Image © Shutterstock 2022

The Problem

Individuals housebound by disability or chronic illness are an underserved population, and this is likely to get worse thanks to the influx of patients with Long Covid.  Medical professionals recognise that these  patients are falling through the cracks of our care system.  One study found that less than 50% of patients bedridden by ME are monitored by a medical practitioner and up to 60% said that they are sometimes too unwell to make medical appointments.  In fact, doctors only see a small portion of those whose illness keeps them home.
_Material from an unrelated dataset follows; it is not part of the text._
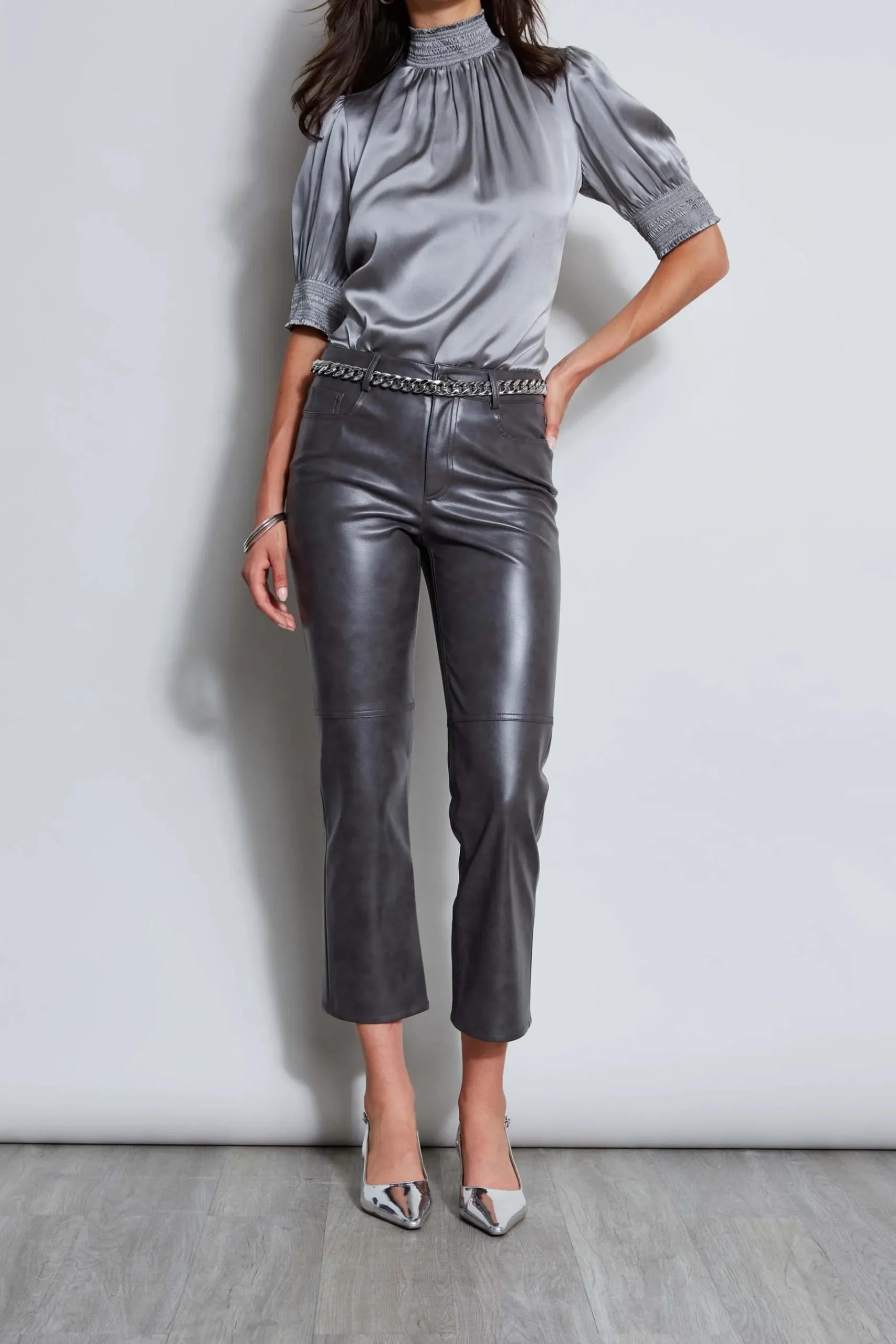 Elie Tahari Vintage Vegan Leather Pant- Bottoms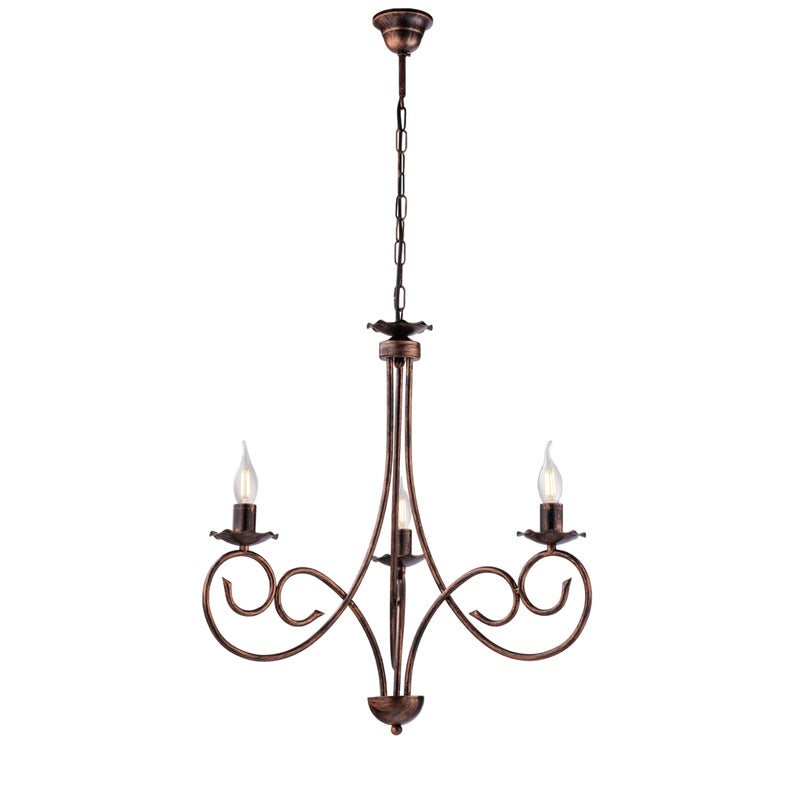 Alma - Żyrandol z czarnego lakierowanego żelaza z antyczną miedzianą dekoracją, 3 lampy, 120 cm - Ø50 cm - BL130-3-NR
This effect has been dubbed “the illness iceberg” or the “symptom iceberg”.

 

All of this comes at a very human cost. In addition to troubles brought on by specific symptoms, being housebound can be crushingly lonely and, as researchers were able to verify during the Covid-19 lockdown, associated with poor mental health outcomes.  Additionally, disabled housebound people face additional challenges when compared to the experience of the able-bodied during lockdown.

 

According to the Office of National Statistics, disabled people have higher anxiety, lower life satisfaction, lower happiness, fewer feelings of worth, and are more likely to be the victims of anti-social behaviour than their able-bodied counterparts.  Disabled  people are 11.5pts more likely to report severe loneliness, and those who suffer from chronic pain have higher increased risk of suicide and suicidal ideation.  

 

Chronic illness can often come with additional work of its own.  Research shows that people with chronic conditions must engage in work to manage the symptoms and treatments; to maintain ‘normal’ daily life; and to maintain their familiar identities. The isolation of being housebound can magnify this work;  patients may find it difficult to maintain their sense of identity if they become too ill to engage in activities like work and socialisation. 
 

Chronic illness also comes with costs of its own.  There are direct costs, including cost of care, transport, adaptive equipment, medication and other services related to the condition as well as the indirect costs which include future lost wages and lowered economic activity.  Finally there are the intangible costs, which covers the psychological aspect including  pain, suffering, depression, and other mental health outcomes.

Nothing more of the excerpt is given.